Однако, если литература мечтает освободиться от навязываемой ей формы, не перевернуть ли пирамиду? Лучше всего записи к роману, потом наброски, черновики, первая корректура и, наконец, готовый текст, в необходимости которого уже можно усомниться. Читателю важно не как сделано произведение, а как оно НЕ сделано. Его интересует самосознание жанра в процессе его появления на свет, стриптиз текста, даже любование его эмбрионом. Так, например, прекрасна стилистика авторских планов, позволяющих отложить на завтра решение задачи. Великое счастье планирующего — в том, что придет другой, постаревший и поумневший, и сделает то, что сейчас неизвестно как делать. Черновик в этом смысле — план наоборот, это после-план, заготовка к нему с другой, послетекстовой стороны, это выжимки из того, что должно получиться. Таким образом, читатель пропускает все ступеньки, настигая текст в самые интересные моменты — смерти или зачатия.

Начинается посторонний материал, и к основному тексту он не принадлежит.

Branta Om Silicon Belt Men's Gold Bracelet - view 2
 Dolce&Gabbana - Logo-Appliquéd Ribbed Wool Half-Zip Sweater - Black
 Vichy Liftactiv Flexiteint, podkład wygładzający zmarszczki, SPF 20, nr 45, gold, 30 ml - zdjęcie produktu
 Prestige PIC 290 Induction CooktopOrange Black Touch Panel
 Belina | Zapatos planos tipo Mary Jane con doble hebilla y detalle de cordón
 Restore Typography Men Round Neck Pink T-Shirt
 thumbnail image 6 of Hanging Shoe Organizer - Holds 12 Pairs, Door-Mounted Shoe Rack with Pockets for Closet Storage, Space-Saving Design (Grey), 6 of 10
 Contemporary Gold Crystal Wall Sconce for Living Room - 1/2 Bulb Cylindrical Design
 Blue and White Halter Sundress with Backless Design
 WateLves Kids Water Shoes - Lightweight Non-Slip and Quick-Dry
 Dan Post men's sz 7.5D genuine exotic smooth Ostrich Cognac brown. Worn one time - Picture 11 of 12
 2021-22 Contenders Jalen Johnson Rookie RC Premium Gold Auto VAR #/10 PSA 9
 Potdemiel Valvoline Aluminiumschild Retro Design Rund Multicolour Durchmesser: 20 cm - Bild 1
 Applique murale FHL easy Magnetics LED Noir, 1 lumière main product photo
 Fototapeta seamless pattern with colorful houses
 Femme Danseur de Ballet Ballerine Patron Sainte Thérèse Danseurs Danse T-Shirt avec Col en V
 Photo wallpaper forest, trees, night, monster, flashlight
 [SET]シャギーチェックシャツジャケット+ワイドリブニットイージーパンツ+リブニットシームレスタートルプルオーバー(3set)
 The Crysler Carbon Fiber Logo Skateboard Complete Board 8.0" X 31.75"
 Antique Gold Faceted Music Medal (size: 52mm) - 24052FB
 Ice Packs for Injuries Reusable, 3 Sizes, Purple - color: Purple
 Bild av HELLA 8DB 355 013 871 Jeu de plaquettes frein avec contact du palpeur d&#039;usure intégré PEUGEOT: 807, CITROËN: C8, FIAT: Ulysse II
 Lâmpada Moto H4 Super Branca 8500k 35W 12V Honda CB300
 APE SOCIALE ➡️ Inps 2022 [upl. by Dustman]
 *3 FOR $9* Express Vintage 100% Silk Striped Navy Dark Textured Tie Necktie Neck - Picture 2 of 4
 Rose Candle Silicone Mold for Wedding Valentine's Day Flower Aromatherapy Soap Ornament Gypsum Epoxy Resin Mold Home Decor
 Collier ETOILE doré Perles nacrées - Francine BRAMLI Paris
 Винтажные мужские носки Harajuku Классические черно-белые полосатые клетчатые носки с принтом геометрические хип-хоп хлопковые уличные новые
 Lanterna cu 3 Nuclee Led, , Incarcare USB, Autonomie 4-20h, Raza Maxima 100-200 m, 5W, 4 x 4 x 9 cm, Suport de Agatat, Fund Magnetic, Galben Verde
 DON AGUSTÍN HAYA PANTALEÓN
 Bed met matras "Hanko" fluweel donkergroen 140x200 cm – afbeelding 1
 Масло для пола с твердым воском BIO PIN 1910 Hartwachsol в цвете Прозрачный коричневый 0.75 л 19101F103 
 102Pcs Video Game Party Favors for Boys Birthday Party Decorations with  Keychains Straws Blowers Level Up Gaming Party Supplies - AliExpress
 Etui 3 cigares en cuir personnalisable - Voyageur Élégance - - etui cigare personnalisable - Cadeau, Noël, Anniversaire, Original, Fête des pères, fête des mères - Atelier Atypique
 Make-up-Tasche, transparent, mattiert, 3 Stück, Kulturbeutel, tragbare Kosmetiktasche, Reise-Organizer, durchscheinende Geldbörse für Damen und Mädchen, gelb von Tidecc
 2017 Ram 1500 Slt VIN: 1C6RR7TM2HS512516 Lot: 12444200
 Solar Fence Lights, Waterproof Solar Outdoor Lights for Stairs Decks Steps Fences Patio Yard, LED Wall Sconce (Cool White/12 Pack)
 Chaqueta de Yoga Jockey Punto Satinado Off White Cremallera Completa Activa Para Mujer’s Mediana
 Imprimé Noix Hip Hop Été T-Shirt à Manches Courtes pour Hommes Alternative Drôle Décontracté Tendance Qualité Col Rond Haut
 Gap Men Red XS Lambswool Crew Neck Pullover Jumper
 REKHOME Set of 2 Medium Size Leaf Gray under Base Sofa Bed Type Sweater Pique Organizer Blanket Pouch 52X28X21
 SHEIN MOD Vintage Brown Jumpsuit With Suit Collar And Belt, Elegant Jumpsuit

Казалось бы, кому нужна середина, с ее механической, а значит, ложной цельностью. Дробность органичнее передает биение мысли. Фрагменты переживают целое, как руины долговечнее, а может, и прекраснее не разрушенных храмов.
Но значит ли это, что автор дневника действительно сумел избавиться от диктата формы? Ни в коем случае. Недаром Набоков считал дневник низшей формой литературы. Ему, писателю с обостренным самолюбием, особо претила жесткость искусственной композиции, навязанной календарем.
Дневник, с его не авторской организацией текста — писать по датам — художественный прием, который позволяет выйти за пределы одной формы в другую, заменив умышленную авторскую композицию объективной календарной последовательностью. Автор, пользуясь вынужденностью, навязанностью манеры, избавляется от любых других обязательств. Получается парадокс — форма одновременно и твердая и жидкая. Автор в поисках освобождения от сношенных литературой форм как бы берет на себя повышенные обязательства: в интересах свободы он заключает себя в каземат. Это тоже своего рода «Венеция», чья жесточайшая организационная структура не мешает величайшему авторскому произволу.
Лучшие из таких «венецианских» книг пишет Мило-рад Павич: роман-словарь или роман-кроссворд, текст, построенный по псевдообъективному принципу, который только развязывает руки писателю. (Что может быть более абсурдным, чем том энциклопедии, расставляющий предметы, имена и понятия в мнимом порядке или — что тоже самое — в вопиющем беспорядке?) Романы Павича - это уже литература второго уровня, — литература, уже успевшая отказаться от завоеванной свободы и добровольно подставившая шею под новое ярмо. «Все книги на земле имеют эту потаенную страсть — не поддаваться чтению» — проговаривается он в конце своего головоломного «Пейзажа, нарисованного чаем». И правда, Павич пишет иероглифами, каждый из которых сам по себе затейлив и увлекателен. Общая картина складывается из таких отдельных фантастических микрорассказов, составляющих генеральный сюжет, который не поддается пересказу. В книгу вставлен разрушительный механизм, мешающий выстроить текст в линейное повествование.
В обычном романе есть история, хотя бы ее контуры, которые автор наносит беглыми чертами, а затем заполняет объемы красками в меру изобретательности и таланта, что-то вроде детской раскраски. У Павича же сюжет — как музыка: его надо переживать в каждую минуту чтения. Процесс разворачивания текста предусматривает сосредоточенное погружение в настоящее время — во время чтения. Стоит только на мгновение отвлечься, и мы неизбежно заблудимся в хоромах этой дремучей прозы. Личное время читателя включено во время романа. Читатель как актер, который и играет и проживает положенные ролью часы на сцене, старея ровно на столько, сколько длится спектакль.
Пока мы следим за каждым узором-предложением, общее — «история» — теряется: за деревьями мы не видим леса. Мало этого, «дерево» ведет нас не только вдаль, но и вверх — на него можно взобраться, чтобы взглянуть на открывающуюся панораму. Каждый элемент прозы Павича — саженец, причем бамбука — уж больно быстро растет. В любом из его сравнений — замысловатая притча, в эпитете — намеченная сказка, в абзаце- свернувшийся фантастический рассказ. Все это гротескное изобилие срастается в одну массивную криптограмму: печь из изразцов, каждый из которых одновременно и картинка, и часть живописного панно.